# ML Example

### Identify the problem
What is the purpose of the project, in the case of house price forecasting, then the purpose is to forecast the median property price

### Solutions
- What is the business purpose, after all, building models is not the ultimate purpose
- To know how effective the current solution is, for example, will give an error rate of the current solution is alpha
- One can further study the problem to clarify whether the problem is supervised/unsupervised, or a reinforcement model? Is it classification/regression, or other such as clustering. To use batch learning or online learning?
- Example: We have house price values, so it is a supervised problem; we eventually want to predict the median house price, so it is a regression problem, and it is a multivariate predictive regression because there are many influencing parameters; in addition, there is no continuous inflow of data, and there is no special need to make quick adaptation to data changes. The amount of data is not large enough to be put into memory, so batch learning is fine. If the data volume is large, you can either split the batch learning across multiple servers (using MapReduce techniques, as you will see later), or use online learning].
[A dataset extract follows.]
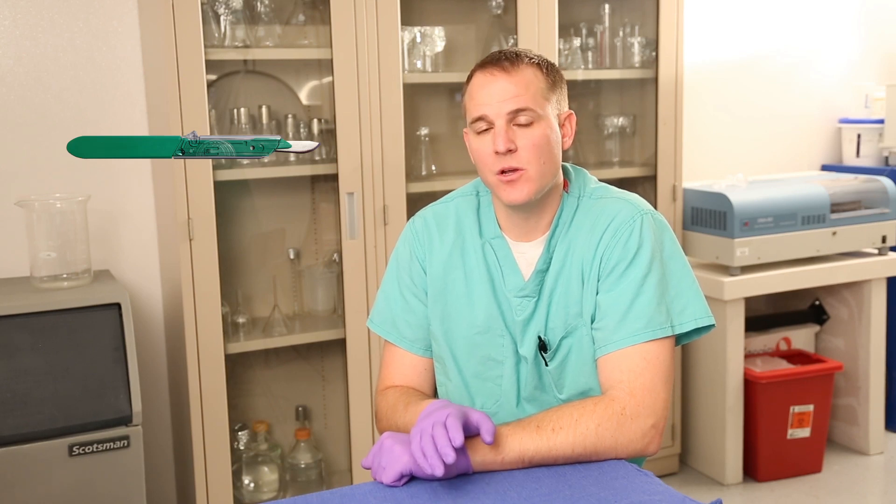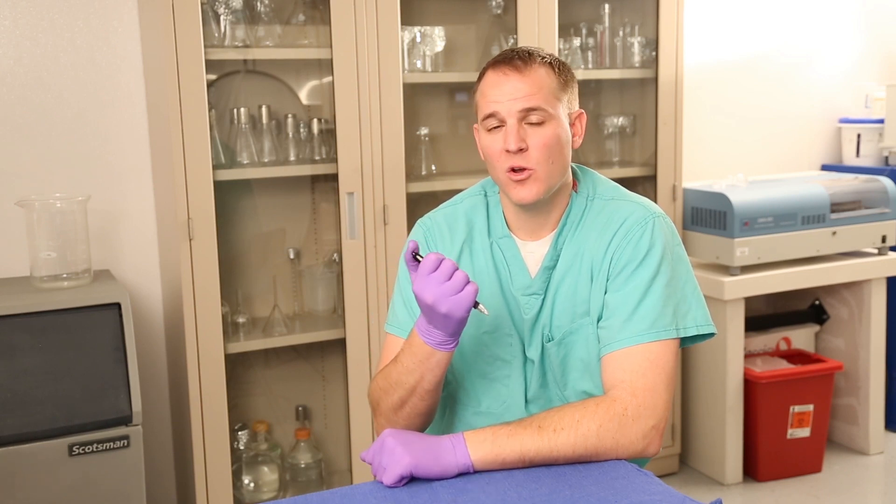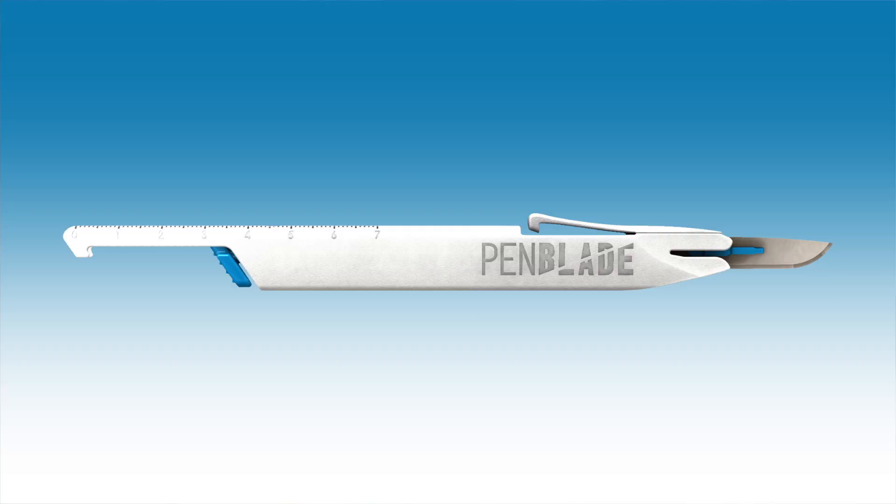When we set out to design a safety scalpel, we didn't want to do a one-off iteration of the current sheath types or box cutter types, of which there are many. We wanted something new, intuitive, and ergonomic, like this pen. We designed the PenBlade similar to this pen so that muscle memory can play a role in safety. This is the PenBlade, a novel safety scalpel with unique features that's intuitive to use.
### Select performance indicators
Here we need to choose an evaluation metric, typical for regression problems is the root mean squared error RMSE, which characterizes the standard deviation of the system prediction error.
Alternatively, the difference squared absolute error can be used.

### Check assumptions
- Check the data, for example, check the data type, check the missing data, check the outliers, check the distribution of the data, check the correlation between the data, check the data quality, etc.

### Create workspace

such as python jupyter and corresponding library files (such as numpy, pandas, scipy, and sklearn, etc.) and frameworks (tf, etc.)

### Get data
- Download the data
- Load the data
- Explore the data
- Visualize the data

In [None]:
import pandas as pd
data=pd.read_csv('housing.csv')
data.head()
data.info()
data.describe()


import matplotlib.pyplot as plt
data.hist(bins=50, figsize=(20,15))
plt.show()



### Creating a test set

Before viewing the data, it is best to create a test set so that the selection of the test set is not affected by the mindset after viewing the data.
One way is that you can choose the test set randomly, for example, choose 20% of the data randomly as the test set, but then when the data set is updated, the test set will change and we can use random numbers to handle it.

In [None]:
from sklearn.model_selection import train_test_split
train_set, test_set = train_test_split(housing, test_size=0.2, random_state=42)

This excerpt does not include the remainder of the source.